In [None]:
from nltk.corpus import stopwords 
from nltk.stem import PorterStemmer
from nltk.tokenize import word_tokenize
# -----------------------------------------------------------
def tokenize(docs):
    for id,doc in docs.items():
        docs[id]=word_tokenize(docs[id].lower())
    return docs
# -----------------------------------------------------------
def stopword_rem(tokendocs):
    stop_words=set(stopwords.words('english'))
    for id,doc in tokendocs.items():
        not_stopwords=[]
        for word in doc:
            if word not in stop_words:
                not_stopwords.append(word)
        tokendocs[id] = not_stopwords
    return tokendocs
# -----------------------------------------------------------
def stemming(tokened):
    stemmer = PorterStemmer()
    for id, doc in tokened.items():
        stemmed_doc = [stemmer.stem(word) for word in doc]
        tokened[id] = stemmed_doc
    return tokened
# -----------------------------------------------------------
def tdm_build(docs):
    word_list=[]
    for id, doc in docs.items():
     for word in doc:
        word_list.append(word)
     tdm=dict.fromkeys(sorted(set(word_list)))
    for word in tdm:
         tdm[word]=[]
         for doc in docs.values():
                 if word in doc:
                     tdm[word].append(1)
                 else : tdm[word].append(0)
    return tdm
# -----------------------------------------------------------
def search_tdm_two_words(word1,word2,tdm):
 v1=tdm[word1]
 v2=tdm[word2]
 '''
 result=[]
 for a,b in zip(term_doc_matrix["Glider" ],term_doc_matrix["soccer" ]):
    #result.append(a&b)
    print(a,' & ',b,' ----->',a&b)    
    ''' 
 print(v1)
 print(v2)
 result=[a&b for a,b in zip(tdm[word1],tdm[word2])]
 print(result)
# -----------------------------------------------------------
def build_inverted_index(docs):
    word_list=[]
    for id, doc in docs.items():
     for word in doc:
        word_list.append(word)
    inverted_index=dict.fromkeys(sorted(set(word_list)))

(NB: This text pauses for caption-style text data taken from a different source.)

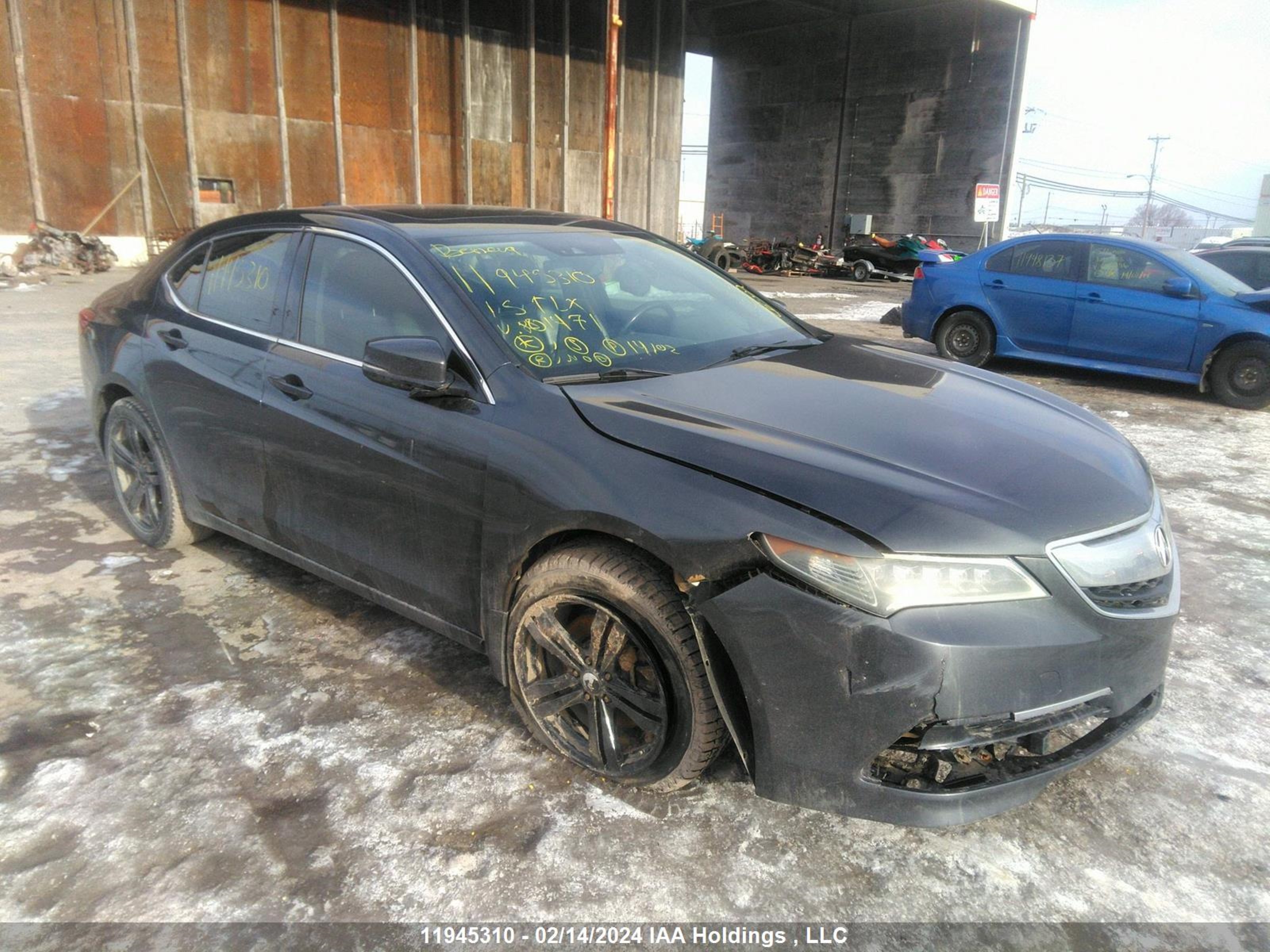 acura tlx 2015 19uub3f54fa801471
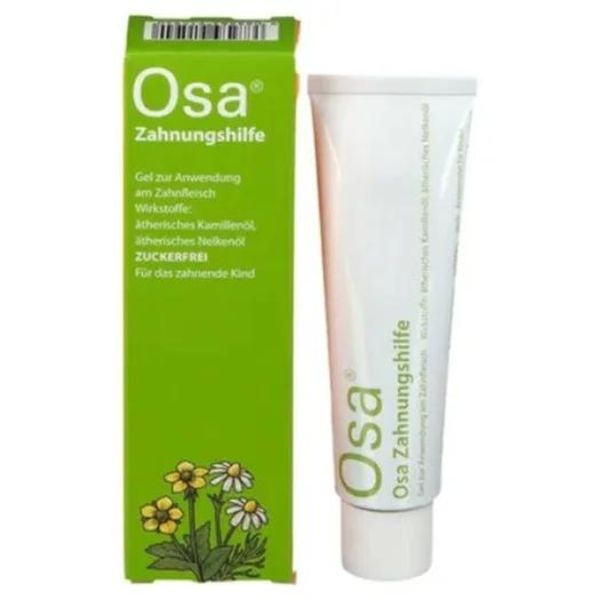 Tratament homeopat Osanit Osa gel gingival pe bază de plante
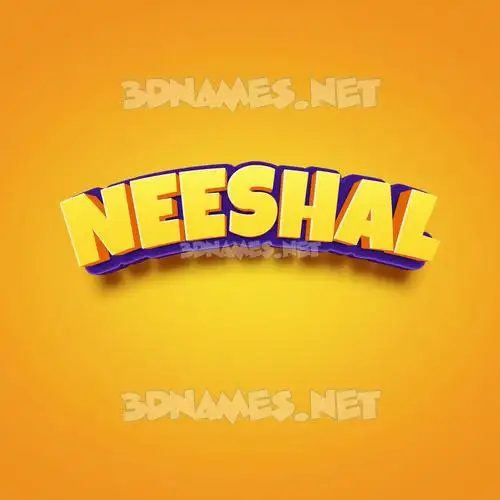 neeshal in Orange Toon style - 3D name wallpaper neeshal in Orange Toon style - 3D name wallpaper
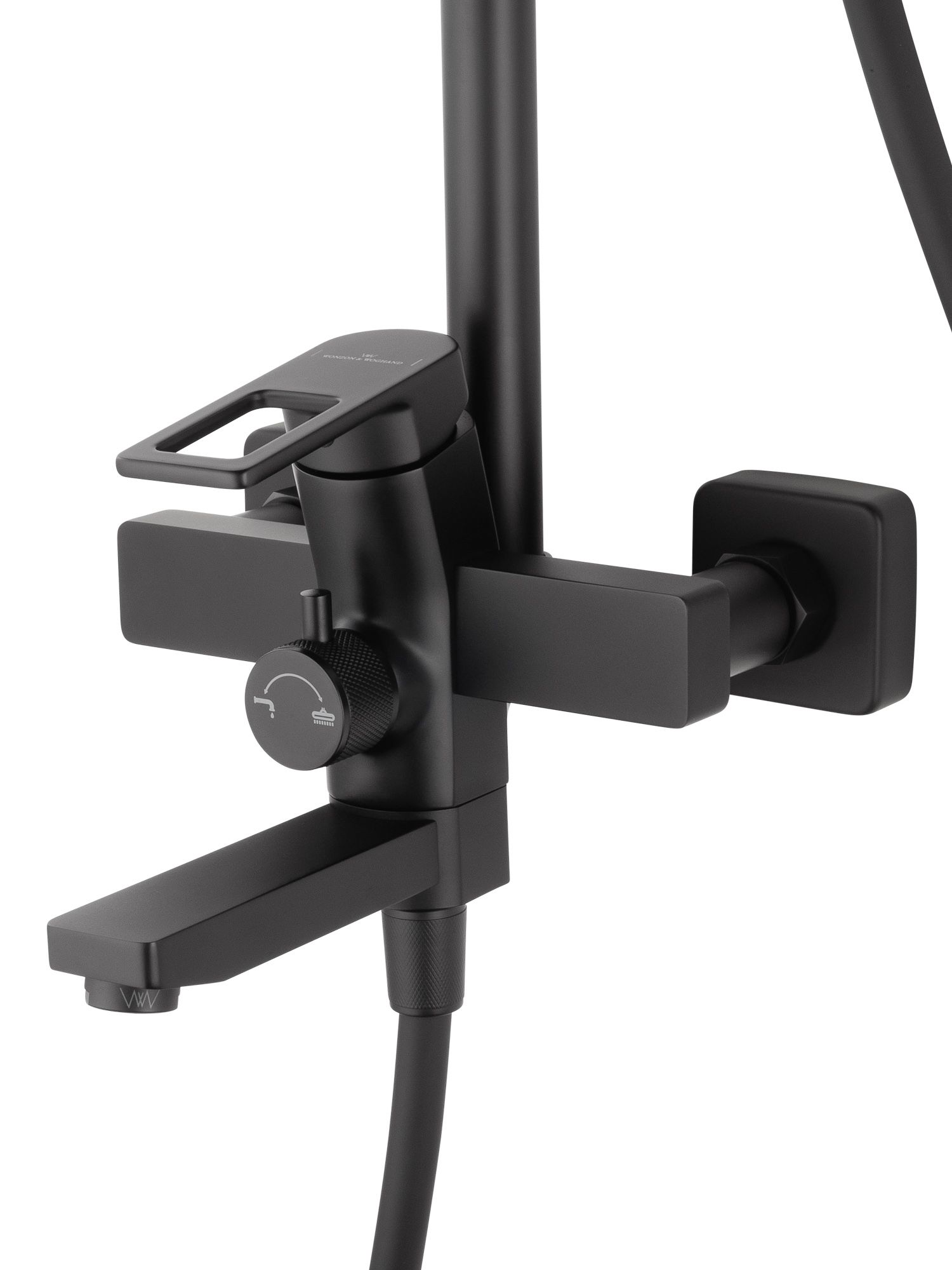 Душевая система WONZON & WOGHAND FRAME, Черный матовый (WW-88739010-MB)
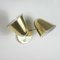 Mid-Century Double Cone Brass Wall Light by Jacques Biny, 1950s, Image 8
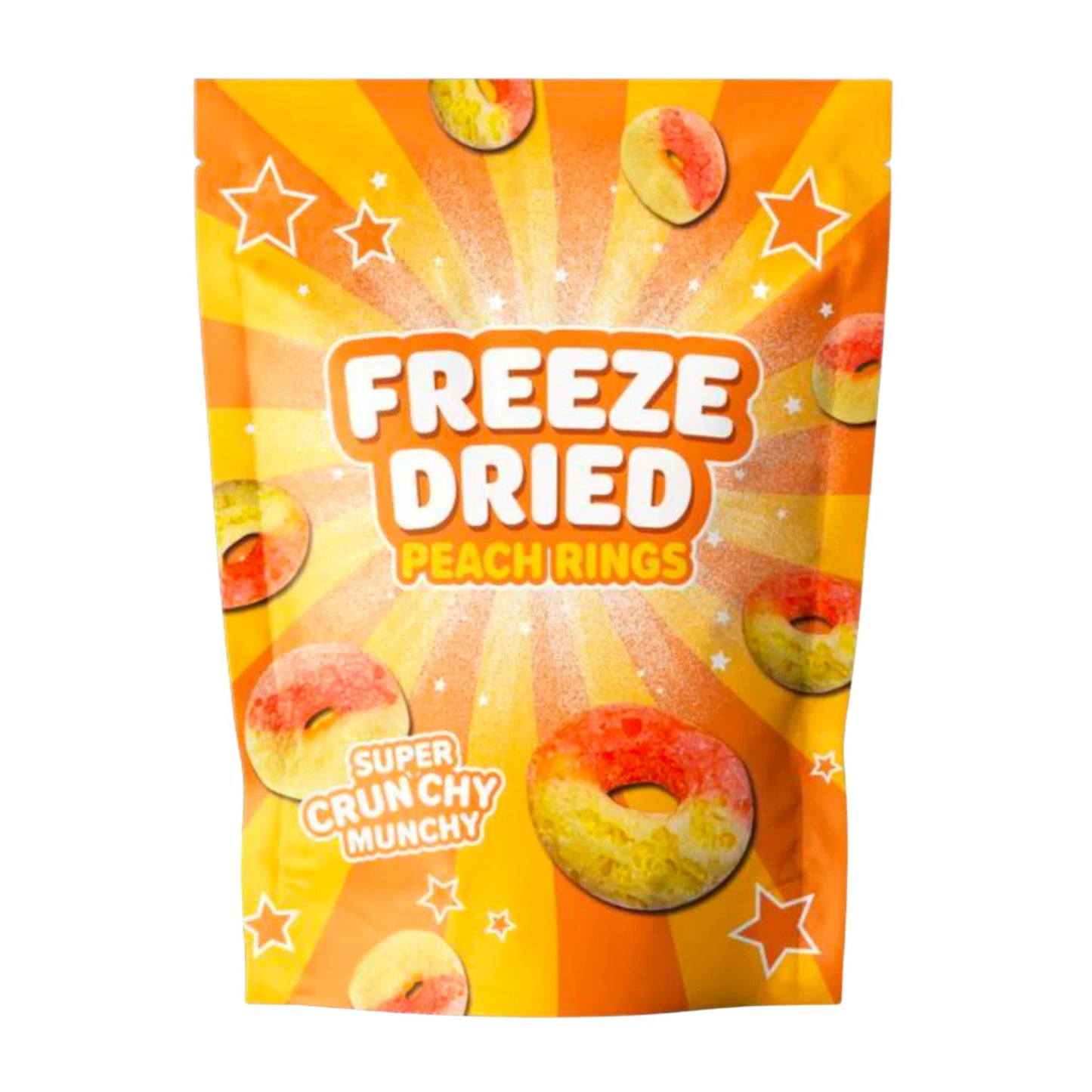 Freeze Dried Mini Peach Rings 55g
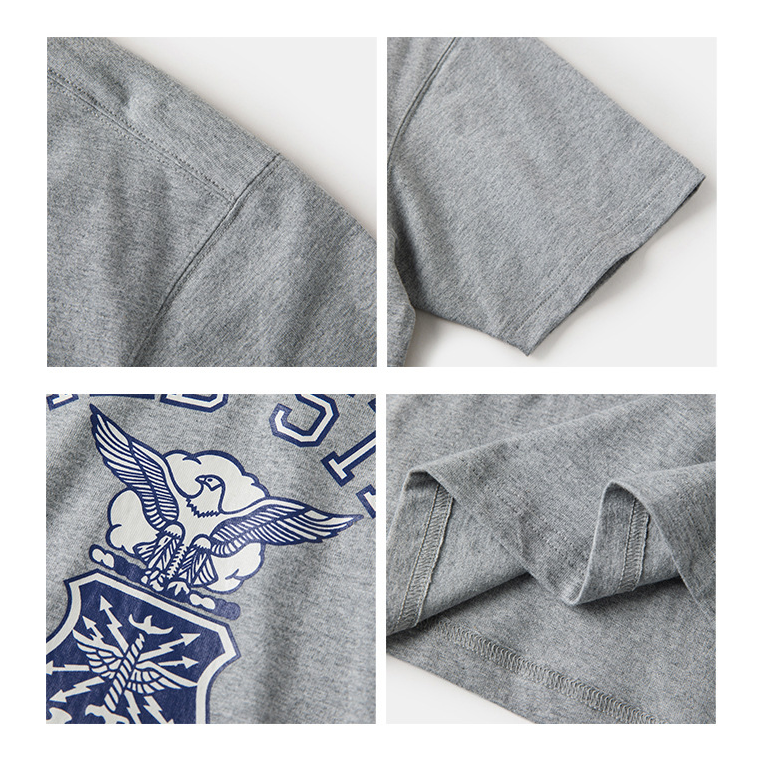 Non Stock 美式復古T-SHIRT AIR FORCE 圓領杉 短袖 T-SHIRT-細節圖6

    for word in inverted_index:
         inverted_index[word]=[]
         for docid,doc in docs.items():
                 if word in doc:
                     inverted_index[word].append(docid)
    return inverted_index
# -----------------------------------------------------------
def search_inverted_two_words(word1,word2,inverted_index):
 v1=inverted_index[word1]
 v2=inverted_index[word2]

 print(v1)
 print(v2)
 print(set(v1)&(set(v2)))


In [2]:
docs={"doc1":"I have fever and headache",
      "doc2":"He has fever and cough",
      "doc3":"Cough and headache are common"}
docs=tokenize(docs)
docs=stopword_rem(docs)
docs=stemming(docs)
tdm=tdm_build(docs)
print(tdm)
search_tdm_two_words("fever","cough",tdm)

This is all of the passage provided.